India’s so called 2017 resolution i.e. cashless economy. Is it really a possibility or just a way to lure youngsters comprising 65% of India’s population in the name of growth and development? Many ways have been suggested for making it possible in India like NUUP registration in ATM for feature phones as everyone do not carry a Smartphone, Pradhan mantri jan dhan yojna with zero balance facility, online discounts, reward points on credit card and many more.
And the positive outcome of this move as said by our incumbent government and people is to curb out the black money, to bring most of our economy under accountability, to eliminate concept of fake currency, to attract foreign investors to the country, lower pocket-picking rates and to avoid cash expenditure in its printing. According to data from RBI using Right to information in 2012,
“It cost the central bank Rs. 3,917 crore to print the 1,567 crore Rs. 500 notes in circulation, and Rs. 2,000 crore to print the 632 crore Rs. 1,000 notes.”
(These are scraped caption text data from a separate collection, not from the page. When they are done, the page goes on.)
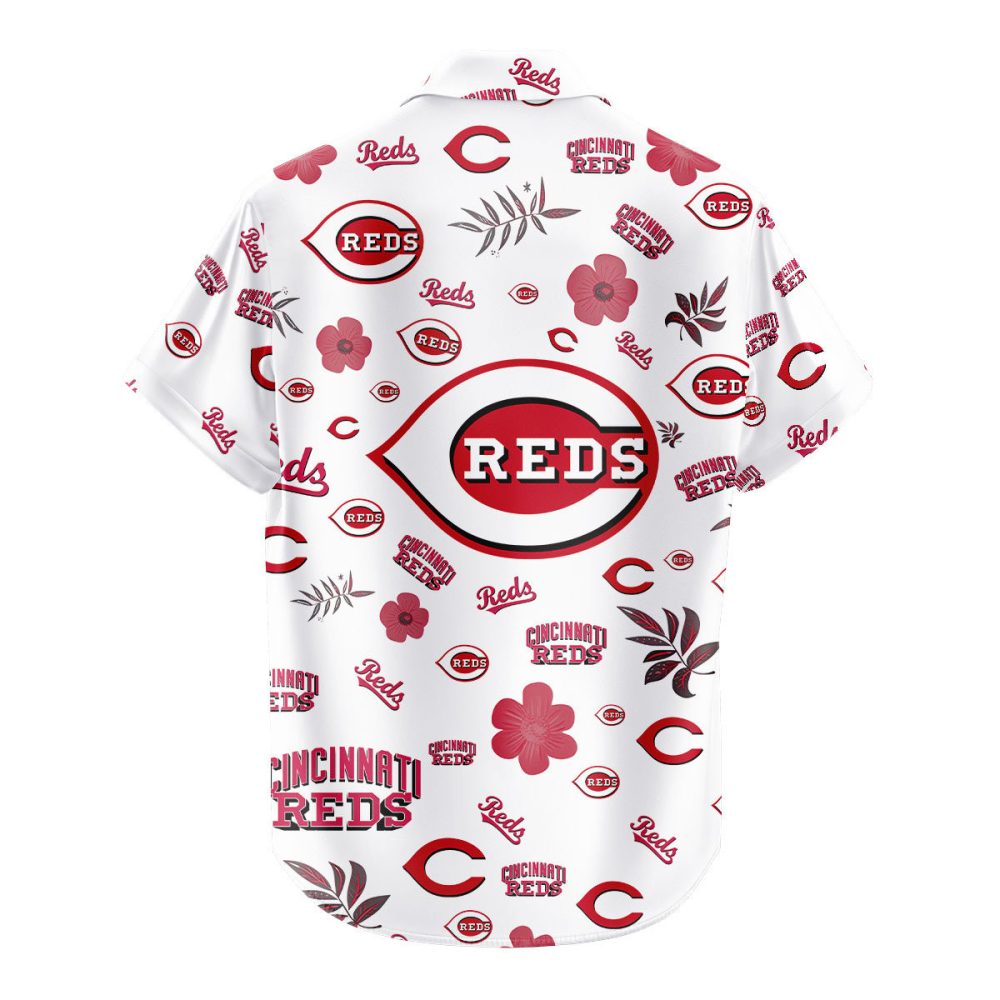 Cincinnati Reds Hawaiian Shirt Tropical Beach - Image 3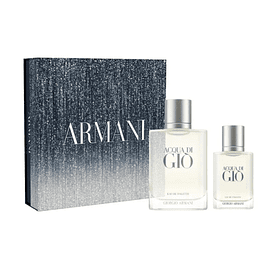 Estuche Acqua di gio Giorgio Armani Edt 100Ml + 30Ml Hombre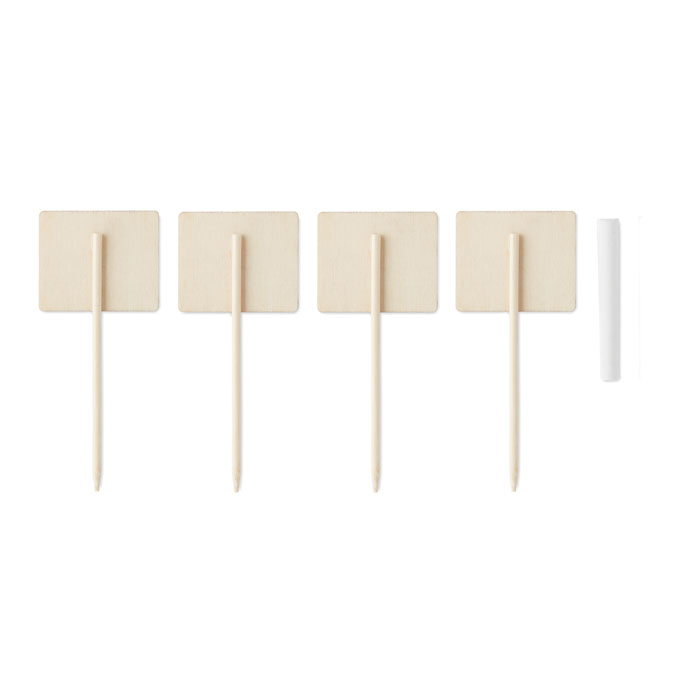 Appetizer stick from the back, light brown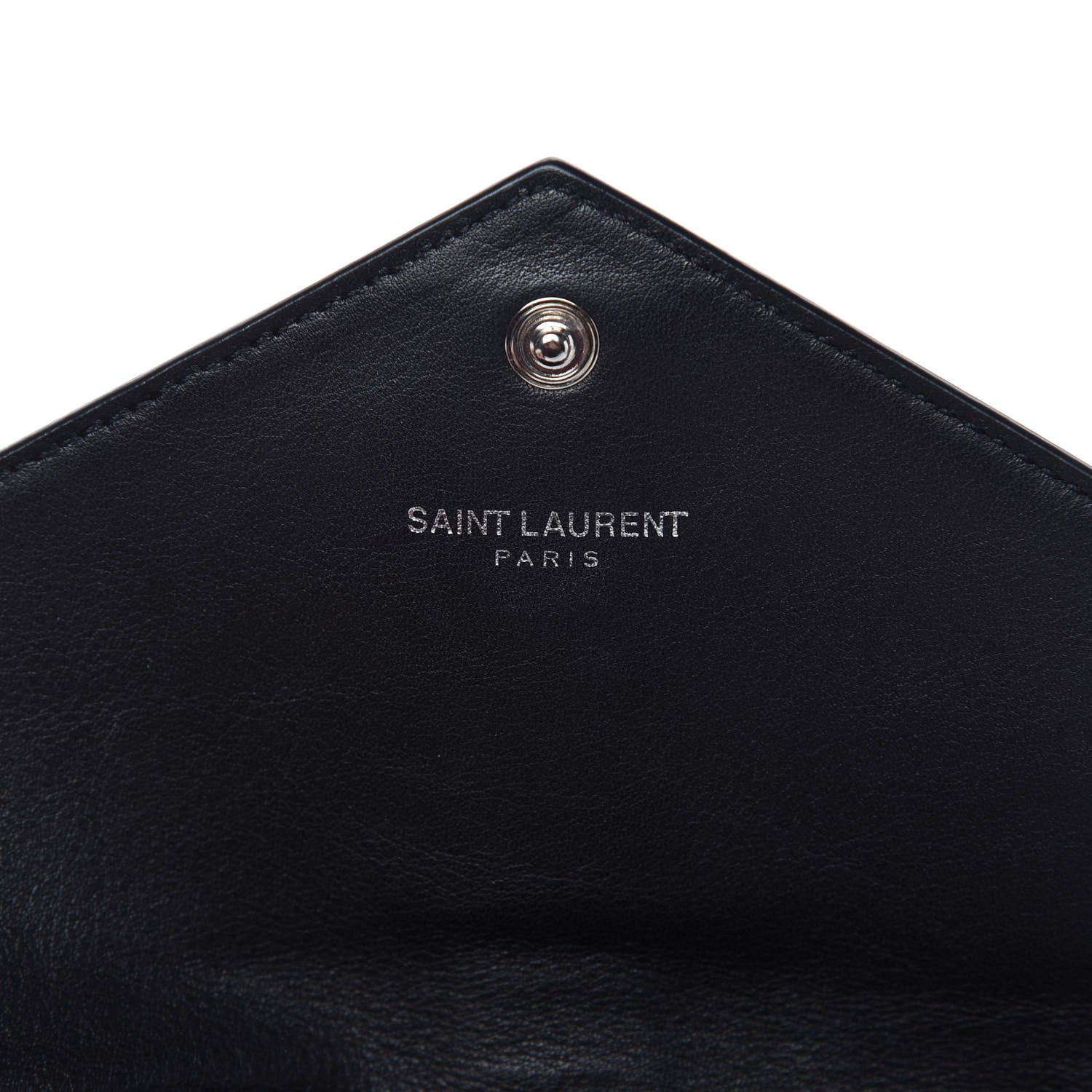 Saint Laurent Calfskin Monogram Tri Pocket Crossbody Bag Black 9 of 11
Now, let’s have another perspective of this notion, percentage of rural area in India is 68.84% which includes mostly people who are unaware of technological advances in our country. In addition to it, there is lack of infrastructure like internet access and power, security threats and loss of reality i.e. Cashless users are more vulnerable for overspending. Some big corporations take advantages of that, like DTV.
Apart from cash being a wireless technology with near-infinite battery life, and one that needs no telecom connectivity, it is its inherent anonymity that makes it a very valuable instrument.
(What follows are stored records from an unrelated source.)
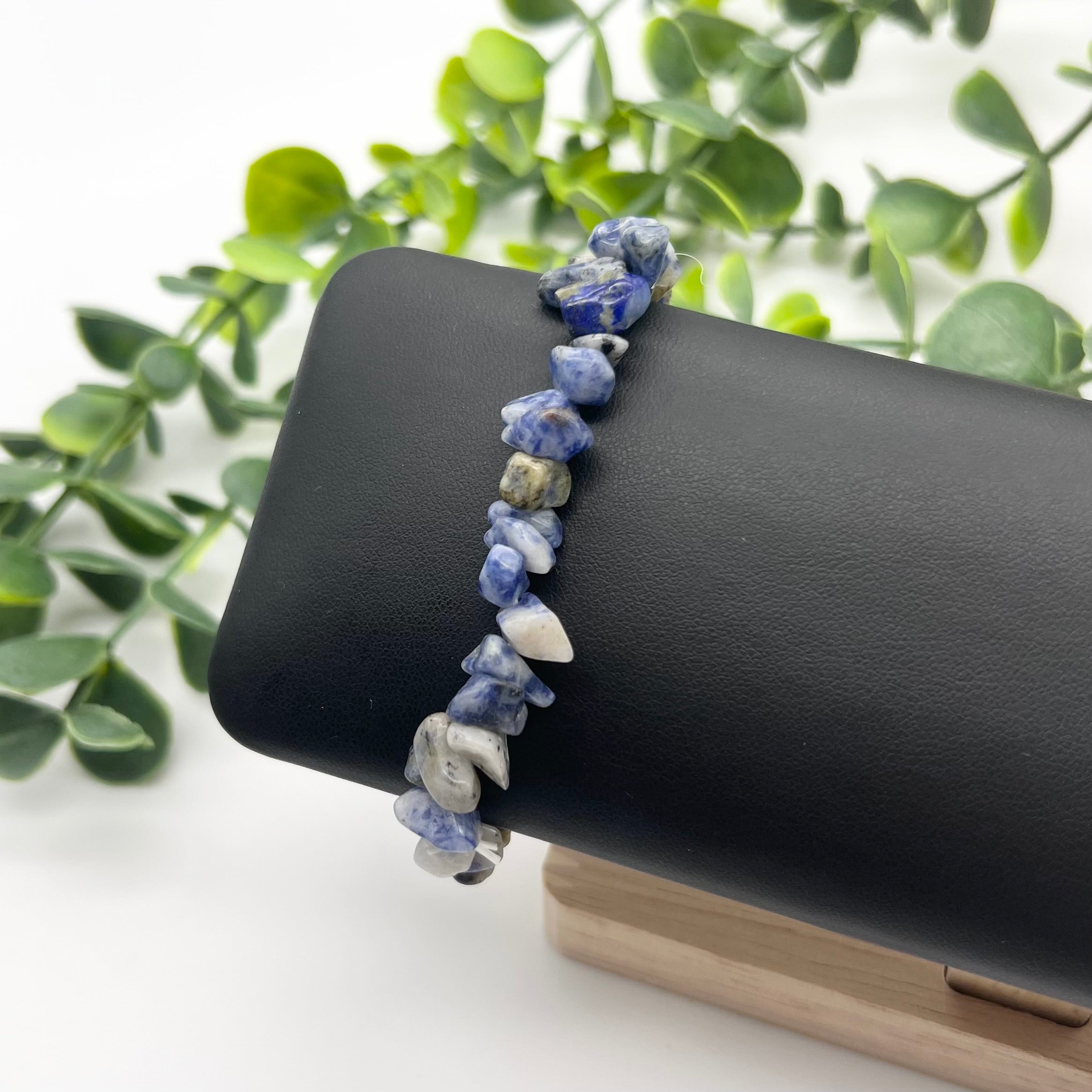 Sodalite Crystal Chip Bracelet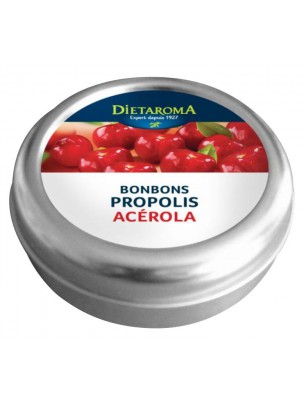 Image de Propolis et Acérola Bonbons - Immunité 50 g - Dietaroma depuis Résultats de recherche pour "Acerola Organic"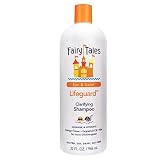 Fairy Tales Sun & Swim Lifeguard Kids Clarifying Shampoo - Chlorine Removal Swim Shampoo for Kids - Removes Green Pool Tones, Sea Salt...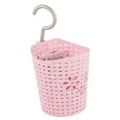 Imitation Rattan Hanging Basket Hook Drainer - Small (Pink)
We can also say, that there is no established one-one relation between being cashless and having a corruption free country as Germany with a CPI ( corruption perception index) score of 81 is a cash-intensive economy whereas Kenya is an intensely cashless economy with a pathetic CPI score of 25. Whether going cashless will be beneficial to an economy, well it is determined by the socioeconomic condition of a state. It should evolve from within the structural set up of an economy. For countries such as Canada or France this movement has been gradual and was not imposed upon. Hence it has been beneficial. However, for Indian Economy, where literacy is still a problem, with the ASER(Annual Status of Education Report) reporting that 50.5% of class 5 students fail to perform a standard two subtraction and we call India 74.04% literate. Quite hilarious. Plus, the sole purpose for cards in India is to withdraw cash. Changing this mindset will be an uphill task.
We really need to understand our country first.
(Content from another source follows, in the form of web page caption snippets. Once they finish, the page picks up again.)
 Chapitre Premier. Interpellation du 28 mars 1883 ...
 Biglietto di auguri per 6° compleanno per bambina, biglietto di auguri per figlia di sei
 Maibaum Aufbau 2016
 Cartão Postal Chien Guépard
India is the country, which has been through all thick and thin whether it’s Mughals or Britishers. We have adapted in worse conditions , for that matter slavery too! And today is the time to face these internal challenges for our country’s betterment. We our emerging out as one of the world’s supreme power as today India is the software capital in whole world, it supports 70% export of spices in international markets, have world highest FDI i.e. $31 million followed by China($27 million) and USA($26 million).But with 68.84% rural area and namesake 74.04% of literacy rate, is it really possible?
Well, an answer to the above question is still debatable but as it is said,
“Where there’s a will there’s a way.”